Process Family Tree
All process are descendants of the init process, whose pid = 1. The init process, in turn, reads the system initscripts and executes more programs, create more child process to finsh the boot .
The relationship between processes is stored in the process descriptor. Each task_struct has a pointer to the parent’s task_struct , named parent , and a list of children, named children.

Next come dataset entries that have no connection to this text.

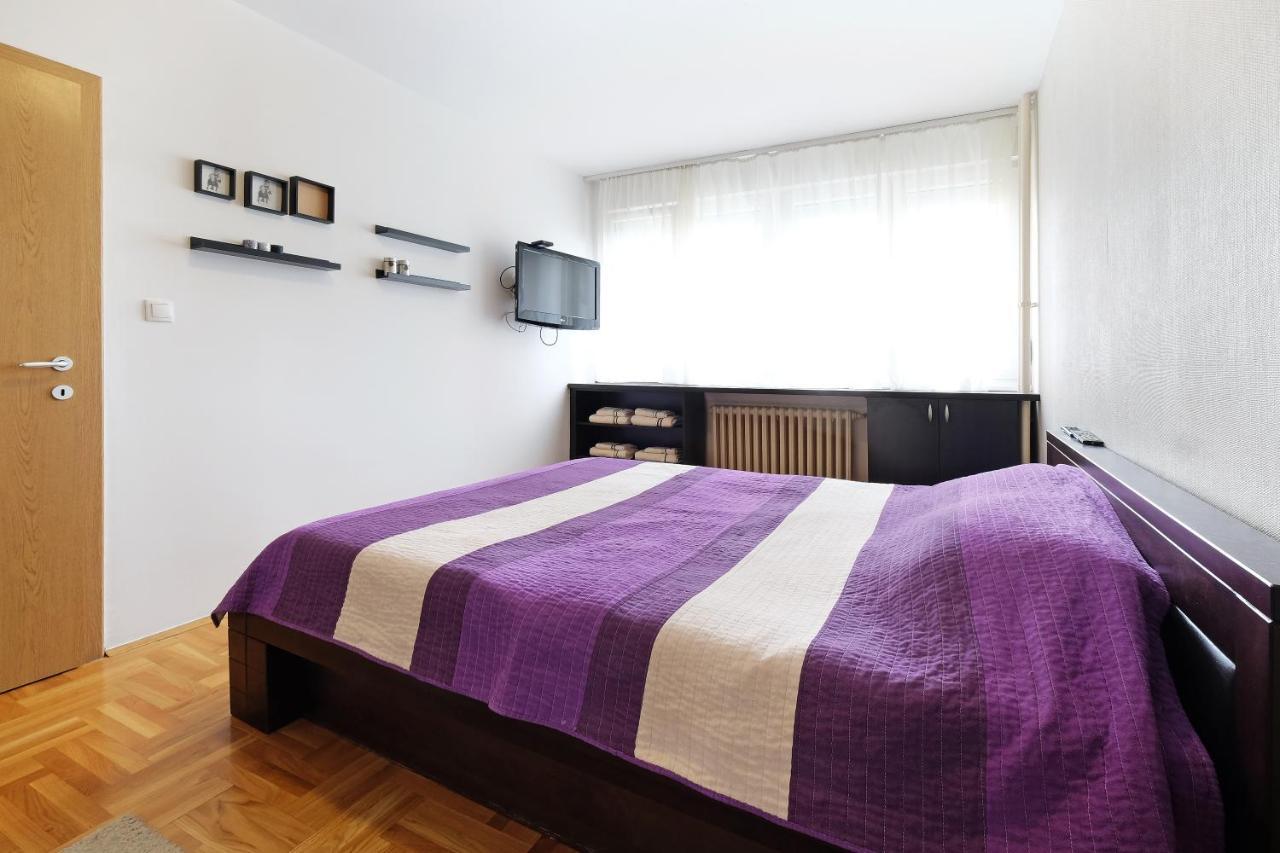 Big Blue Apartment - Belgrado Esterno foto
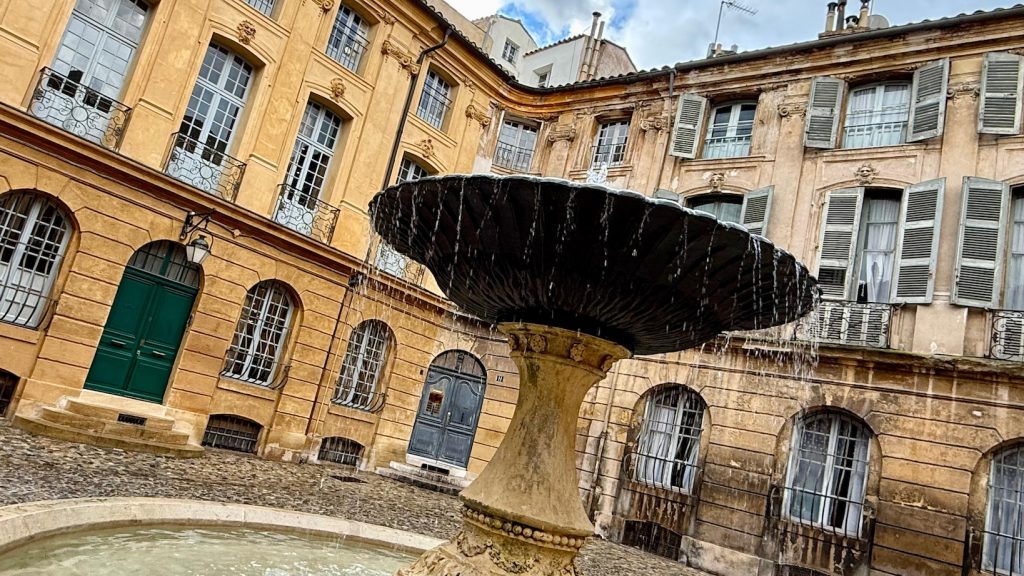 Place d’Albertas in Aix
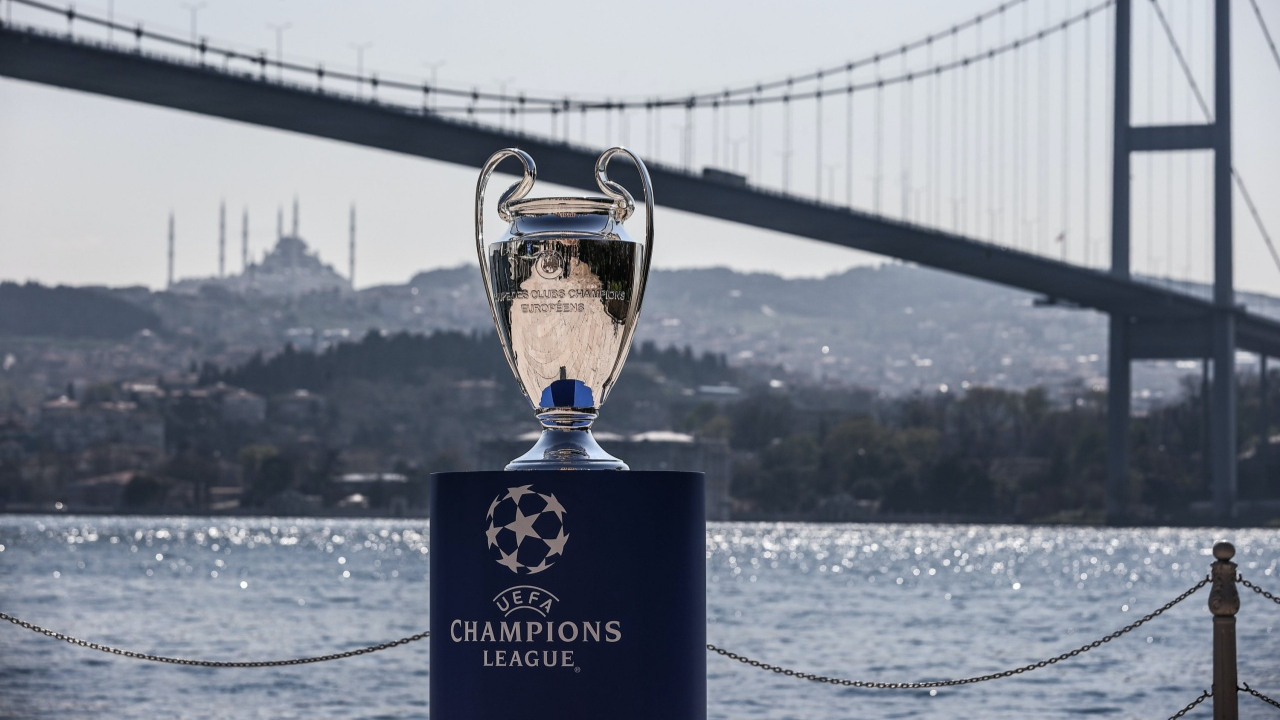 UEFA Şampiyonlar Ligi finali Porto'da oynanacak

We can iterate over a process'children with the code below
struct task_struct *task;
struct list_head *list;
list_for_each(list, ¤t->children) {
task = list_entry(list, struct task_struct, sibling);
/* task now points to one of current’s children */
}
We also can get init process pointer with the code below:
struct task_struct *task;
for (task = current; task != &init_task; task = task->parent);
/* task now points to init */
In fact, you can follow the process hierarchy from any one process in the system to any
other. Oftentimes, however, it is desirable simply to iterate over all processes in the system.
This is easy because the task list is a circular, doubly linked list.To obtain the next task or previous task in the list, given any valid task, use
list_entry(task->tasks.next, struct task_struct, tasks);
list_entry(task->tasks.prev, struct task_struct, tasks);
These two routines are provided by the macros next_task(task) and prev_task(task).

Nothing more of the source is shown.